Concatenates the upsampled message history with the image and pretrained embeddings if using, then applies a two-layer MLP to obtain the initial pixel-level representations.
Shapes
Input:
“x_upsampled” : (… round channel position height width)
“image” : (… image_channel height width)
“pretrained_embeddings_scaled” : (… embedding_channels height width), optional
Output:
“latent_pixel_level_repr” : (… initial_num_channels height width)
- Returns:
TensorDictSequential – The initial encoding layer.
- build_message_history_upsampler() TensorDictModule[source]#
Build the module which upsamples the history and message.
The message history is upsampled to the size of the image.
Shapes
Input:
“x” : (… round channel position latent_height latent_width)
Output:
“x_upsampled” : (… round channel position height width)
- Returns:
message_history_upsampler (TensorDictModule) – The module which upsamples the message history to the size of the image.
- build_pretrained_embedding_scaler() TensorDictModule[source]#
Build the module which scales the pretrained embeddings.
The pretrained embeddings scaled to the image size. This can be by upsampling or mean pooling, depending on whether the image size is larger or smaller than the embedding size.
Shapes
Input:
“pretrained_embeddings” : (… embedding_channel embedding_height embedding_width) : The embeddings of the pretrained model
Output:
“pretrained_embeddings_scaled” : (… embedding_channel height width) : The scaled embeddings
- Returns:
pretrained_embedding_scaler (TensorDictModule) – The module which scales the pretrained embeddings.
- forward(data: TensorDictBase) TensorDict[source]#
Run the image classification body.
- Parameters:
data (TensorDictBase) –
The data to run the body on. A TensorDictBase with keys:
”x” (… round channel position latent_height latent_width): The message history
”image” (… image_channel height width): The image
”message” (… channel position latent_height latent_width), optional: The most recent message
”ignore_message” (…), optional: Whether to ignore the message. For example, in the first round the there is no message, and the “message” field is set to a dummy value.
(“pretrained_embeddings”, model_name) (… embedding_width embedding_height), optional: The embeddings of a pretrained model, if using.
”linear_message_history” : (… round channel position linear_message), optional: The linear message history, if using.
- Returns:
out (TensorDict) – A tensor dict with keys:
”image_level_repr” (… d_representation): The output image-level representations.
”latent_pixel_level_repr” (… latent_height latent_width d_representation): The output latent-pixel-level representations.
- get_state_dict() dict[source]#
Get the state of the agent part as a dict.

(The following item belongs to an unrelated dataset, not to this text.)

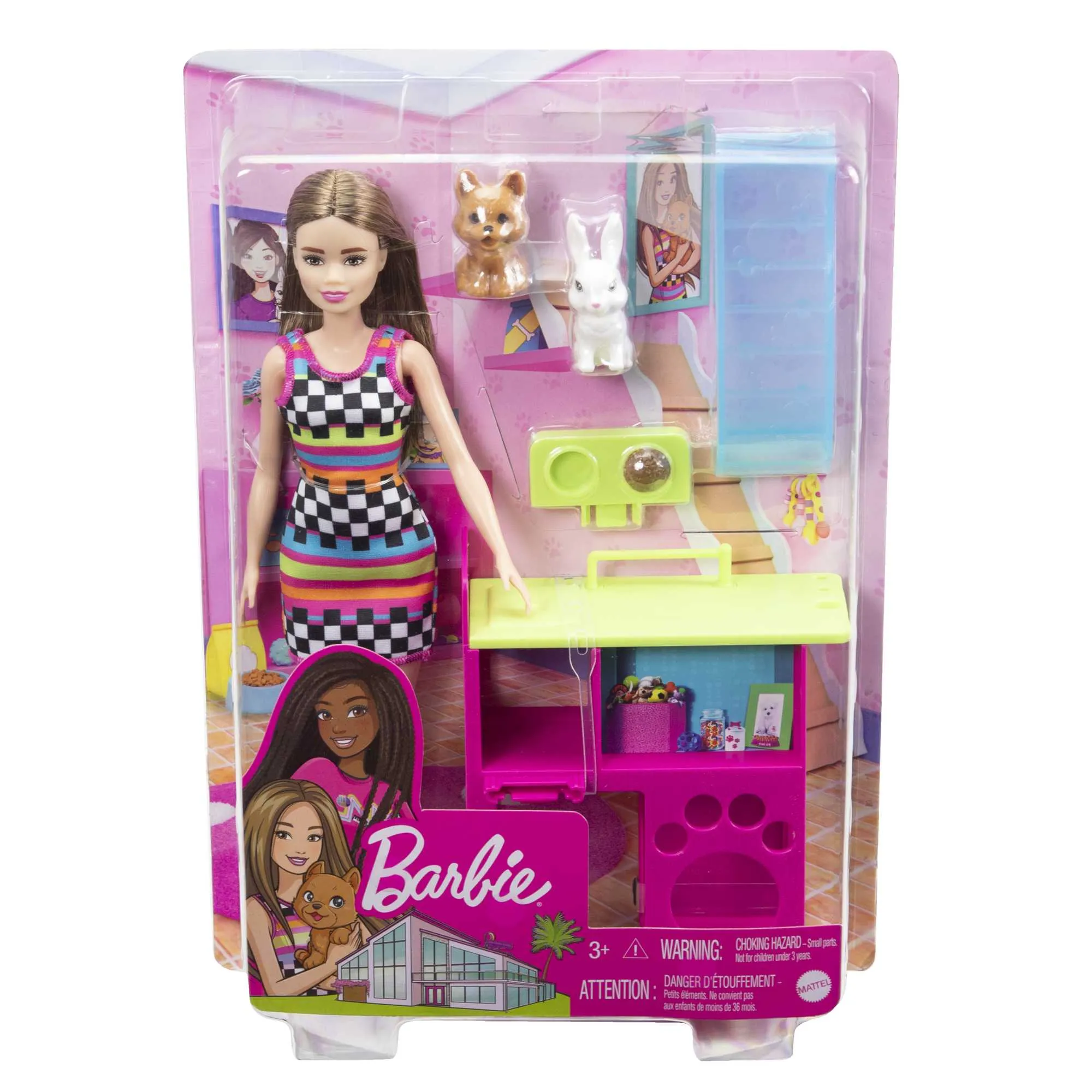 Barbie Doll With Playhouse Playset by Mattel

This method should be implemented by subclasses capable of saving their state.
- Returns:
state_dict (dict) – The state of the agent part.
- set_state(checkpoint: AgentState)[source]#
Set the state of the agent from a checkpoint.
This method should be overridden by subclasses to restore the state of the agent from a checkpoint.
- Parameters:
checkpoint (AgentCheckpoint) – The checkpoint to restore the state from.
- to(device: device | str | int | None = None) ImageClassificationAgentBody[source]#
Move the agent body to a new device.
- Parameters:
device (TorchDevice, optional) – The device to move the agent body to. If not given, the CPU is used.
- Returns:
self (ImageClassificationAgentBody) – The agent body on the new device.